Podiumsdiskussion zu Karriereperspektiven
Einblicke in vielfältige Karrierewege nach der Promotion
Am 24. April 2026 veranstaltete das Max-Planck-Institut für Biologie des Alterns die 6. „Career Perspectives Panel Discussion“, bei der Promovierende, Postdocs und eine inspirierende Gruppe von Gästen aus Wissenschaft, Industrie, Verlagswesen und Wissenschaftsmanagement zusammenkamen. Das Ziel? Unsere Nachwuchsforschenden zu informieren und zu inspirieren, während sie mögliche nächste Schritte in ihrer Karriere erkunden.
„Was hat euch geholfen, euren aktuellen Job zu bekommen? Welche Fähigkeiten aus eurer Promotion oder Postdoc-Zeit sind heute noch am nützlichsten? Wie sieht ein typischer Arbeitstag aus? Und wie verbindet ihr Beruf und Privatleben?“ Dies waren nur einige der Fragen, die die Promovierenden Remo Bode und Tamara Wied unseren eingeladenen Gästen stellten, als sie die Diskussion moderierten.

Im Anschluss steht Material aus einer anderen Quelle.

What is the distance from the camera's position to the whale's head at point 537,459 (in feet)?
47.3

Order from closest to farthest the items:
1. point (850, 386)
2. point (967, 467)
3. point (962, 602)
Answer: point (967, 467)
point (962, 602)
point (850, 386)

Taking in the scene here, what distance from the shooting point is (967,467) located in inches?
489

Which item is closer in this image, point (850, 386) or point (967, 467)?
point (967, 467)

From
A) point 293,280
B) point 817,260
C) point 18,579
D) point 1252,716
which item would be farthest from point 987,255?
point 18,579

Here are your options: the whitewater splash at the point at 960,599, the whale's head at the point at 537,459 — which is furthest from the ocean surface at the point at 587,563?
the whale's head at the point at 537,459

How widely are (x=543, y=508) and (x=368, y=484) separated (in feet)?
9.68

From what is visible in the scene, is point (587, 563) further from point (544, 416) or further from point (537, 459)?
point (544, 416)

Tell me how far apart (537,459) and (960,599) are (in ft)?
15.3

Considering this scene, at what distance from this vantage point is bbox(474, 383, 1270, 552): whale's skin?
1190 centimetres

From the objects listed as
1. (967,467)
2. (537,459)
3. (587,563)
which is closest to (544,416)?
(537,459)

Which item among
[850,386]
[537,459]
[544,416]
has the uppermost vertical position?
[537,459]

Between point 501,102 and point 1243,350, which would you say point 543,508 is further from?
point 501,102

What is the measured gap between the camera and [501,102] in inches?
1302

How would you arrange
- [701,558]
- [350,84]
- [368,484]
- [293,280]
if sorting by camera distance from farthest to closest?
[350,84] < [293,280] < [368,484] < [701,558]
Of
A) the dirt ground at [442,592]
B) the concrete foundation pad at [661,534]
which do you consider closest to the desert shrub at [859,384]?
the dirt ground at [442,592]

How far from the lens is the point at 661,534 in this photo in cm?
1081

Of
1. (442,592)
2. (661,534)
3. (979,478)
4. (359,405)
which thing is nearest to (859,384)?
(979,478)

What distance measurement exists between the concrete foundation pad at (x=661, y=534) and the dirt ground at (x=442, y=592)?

Zu den zehn Gästen gehörten Hannah Walters, Amirabbas Rueber, Stephan Wagner, Aleksandra Trifunovic, Laura Brohée, Annegret Burkert, Charalampos Mantziaris, Kazi Atikur Rahman und Nathalie Jauré. Sie vermittelten vielfältige Einblicke in mögliche Karrierewege nach Abschluss der Promotion. Sie sprachen über wichtige Entscheidungen, Hindernisse und Wendepunkte und zeigten, dass Karrierewege in der Regel nicht geradlinig verlaufen. Während manche Schritte sorgfältig geplant werden können, ergeben sich viele Chancen ganz unerwartet.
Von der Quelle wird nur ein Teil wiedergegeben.